What you are asked to do -
A single stretch of the material below is to be transcribed exactly, starting at the line with "Маленькая Девочка Сидит" and ending after the line with "ဒဂံုဆိပ္ကမ္းၿမိဳ႕နယ္ စက္မႈဇုန္ရွိ KGG".

Available records -
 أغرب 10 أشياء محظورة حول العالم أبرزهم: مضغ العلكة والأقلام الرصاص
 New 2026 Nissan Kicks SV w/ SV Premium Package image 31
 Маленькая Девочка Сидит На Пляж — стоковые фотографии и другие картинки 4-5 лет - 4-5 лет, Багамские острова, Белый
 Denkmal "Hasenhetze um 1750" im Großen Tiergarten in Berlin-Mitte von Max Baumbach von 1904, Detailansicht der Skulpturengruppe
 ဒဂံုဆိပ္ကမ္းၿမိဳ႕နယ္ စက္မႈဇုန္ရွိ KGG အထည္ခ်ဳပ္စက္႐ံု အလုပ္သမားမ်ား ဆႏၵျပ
---
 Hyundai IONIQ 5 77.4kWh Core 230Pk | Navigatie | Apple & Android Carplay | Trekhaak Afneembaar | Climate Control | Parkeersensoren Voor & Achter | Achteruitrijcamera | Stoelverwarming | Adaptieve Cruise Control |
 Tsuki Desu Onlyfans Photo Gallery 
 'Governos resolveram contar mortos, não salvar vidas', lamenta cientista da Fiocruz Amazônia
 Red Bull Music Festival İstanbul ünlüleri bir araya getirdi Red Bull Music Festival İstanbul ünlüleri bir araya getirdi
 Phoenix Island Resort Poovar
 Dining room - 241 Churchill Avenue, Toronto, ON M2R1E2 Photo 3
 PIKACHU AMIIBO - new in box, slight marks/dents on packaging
...
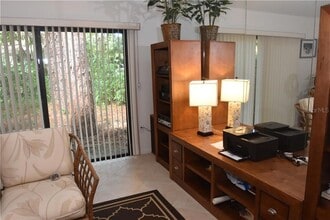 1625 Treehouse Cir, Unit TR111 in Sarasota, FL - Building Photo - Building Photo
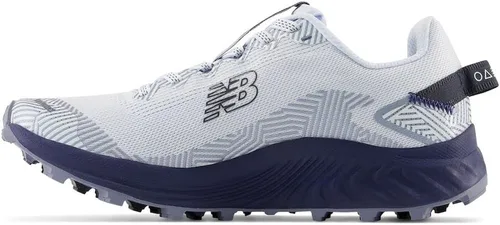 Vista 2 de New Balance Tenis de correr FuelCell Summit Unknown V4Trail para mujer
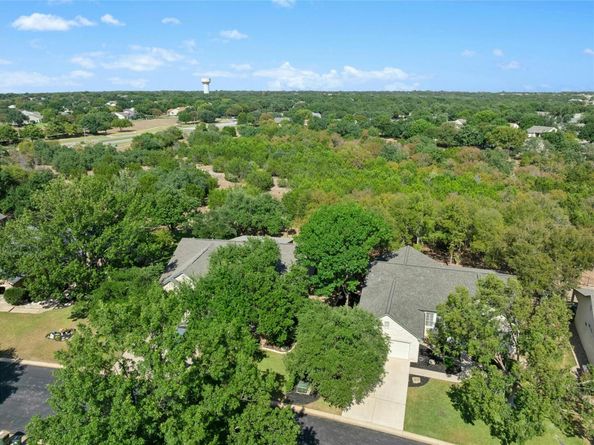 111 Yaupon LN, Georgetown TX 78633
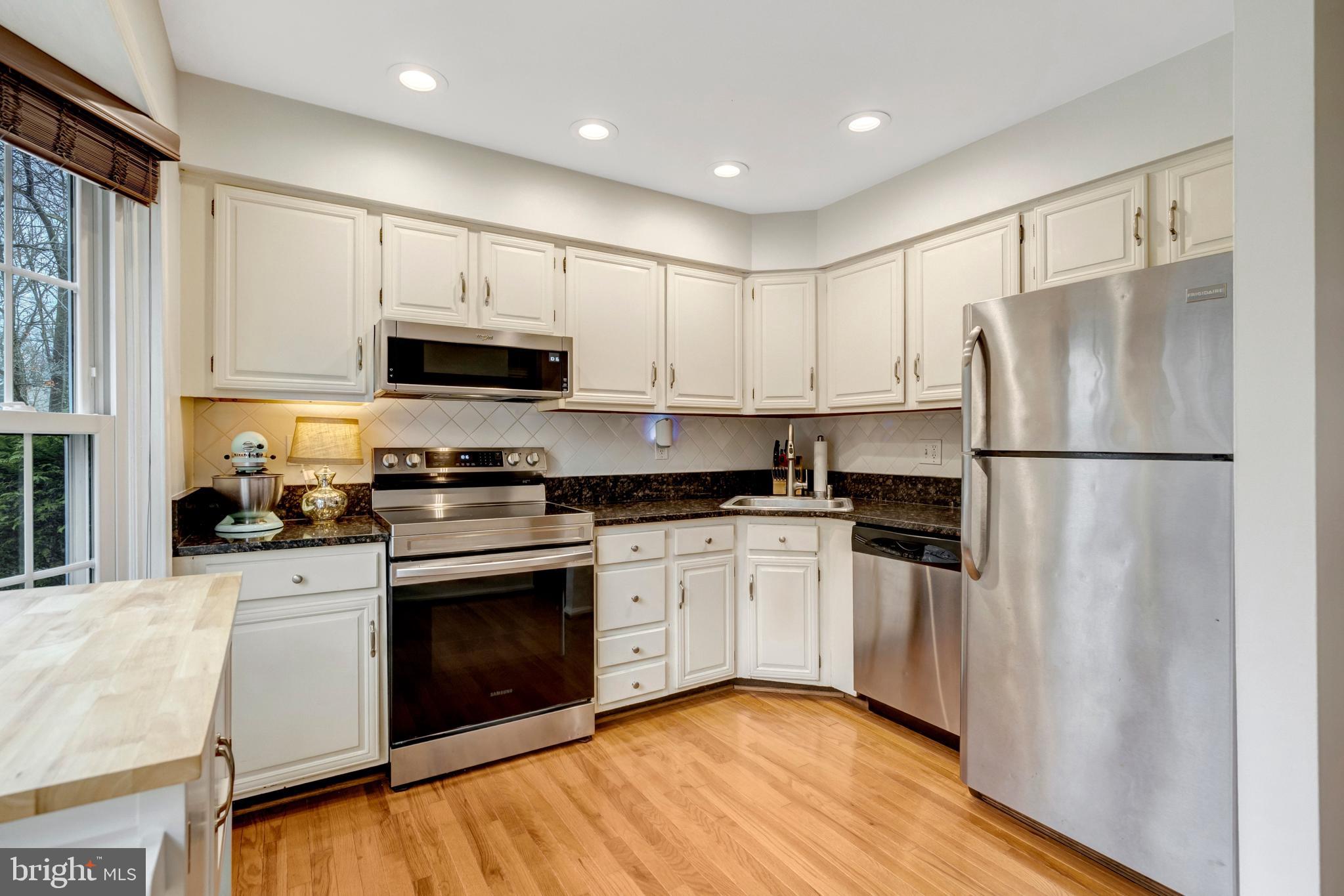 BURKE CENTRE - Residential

Reply -
 Маленькая Девочка Сидит На Пляж — стоковые фотографии и другие картинки 4-5 лет - 4-5 лет, Багамские острова, Белый
 Denkmal "Hasenhetze um 1750" im Großen Tiergarten in Berlin-Mitte von Max Baumbach von 1904, Detailansicht der Skulpturengruppe
 ဒဂံုဆိပ္ကမ္းၿမိဳ႕နယ္ စက္မႈဇုန္ရွိ KGG အထည္ခ်ဳပ္စက္႐ံု အလုပ္သမားမ်ား ဆႏၵျပ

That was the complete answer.